Workers recently finished the last piece of tunnel for Kuala Lumpur’s second metro line, capping a program where tunneling machines have been operating remotely since 2016. Getting to that point took a poke by a seasoned tunneling director and TBM manager who found an unlikely duo of young, computer savvy, code-writing engineers who brought steering, advancement, excavation, and slurry operations under one operating system.
Just as important, it took the backing of the owner, Mass Transit Rail Corporation, to even allow them to try. Pushing the envelope can be a slow process when money is on the line. Tunnels are expensive. The two Kuala Lumpur transit tunnels represent an investment of more than $6 billion. TBMs cost tens of millions of dollars, a significant investment for a contractor. Owners want the job done as fast as possible for a contracted amount of money and contractors must perform or face severe financial penalties. In real time, the combination makes for an extremely conservative line of work.
Boring any kind of tunnel requires operators to monitor a number of conditions and adjust speed and pressure to keep the TBM moving. Earth pressure balance (EPB) machines have been the go-to TBM for moving through variable soft ground conditions and a high water table. An EPB has an articulated shield that provides sealed protection against pressurized water inflows. Behind the cutterhead, a pressurized chamber controls stability at the face of the machine. Pressure from behind provides balance with the pressure in front of the cutterhead, and gives the machine its name.
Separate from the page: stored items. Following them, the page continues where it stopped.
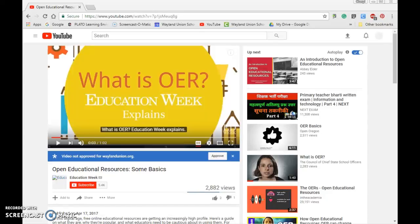The Tech Department has established some new settings for YouTube, and I just want to briefly explain those to you. If you navigate to YouTube like I have here, and there's a video, you're going to notice there is a new note. And this is only true for staff members — this has not happened for students.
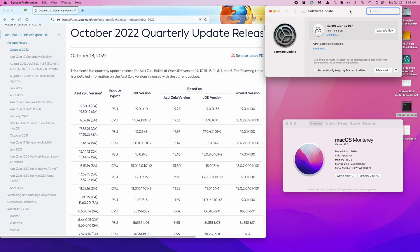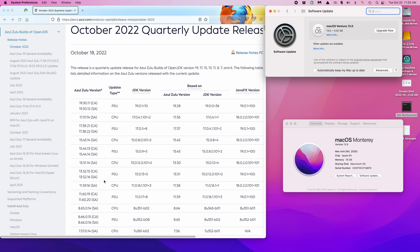Somebody mentioned that there was a new Azul Java. It looks like on October 18th, which was last week, we got new versions of Azul Java 11. I installed the latest kit on my Monterey system, which I haven't updated yet, and everything works fine.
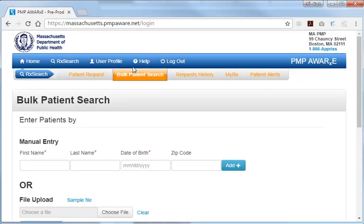We'll stop here since a separate MassPAT tutorial fully describes how to use the Bulk Patient Search feature. This concludes this demonstration. You should now be able to manage delegate authorization requests and monitor their subsequent search activity in MassPAT. Should you need assistance in using the system, call the APRIS Help Desk phone number that appears at the top right of every page in the system.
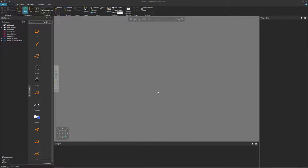Hello, this is William from Visual Components, and I'm going to show you how to attach objects to the path of a conveyor. For example, boxes, push trays, and sleds. This is helpful if you want your conveyors to already have equipment on them when you start a simulation, or to customize a conveyor for a specific solution.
Muck from behind the cutterhead and in front of the pressure bulkhead is removed with a screw conveyor. Operators also must control the speed and discharge rate to control pressure at the working face, and the rate of discharge must also match the TBM’s advance rate. At the rear of the TBM, an automated system picks up, moves, rotates, and places concrete rings that finish the tunnel segments. When a segment is complete, the TBM pushes off those rings to advance. (In tunneling, advancement is measured in rings.)
Slurry TBMs are another choice, but primarily for soils with high water volume. They also are shielded, but instead of sending pressurized air behind the cutter head to maintain balance, they use a bentonite slurry to build up a muck screen at the face. Muck and the slurry are removed through a system of slurry pipes.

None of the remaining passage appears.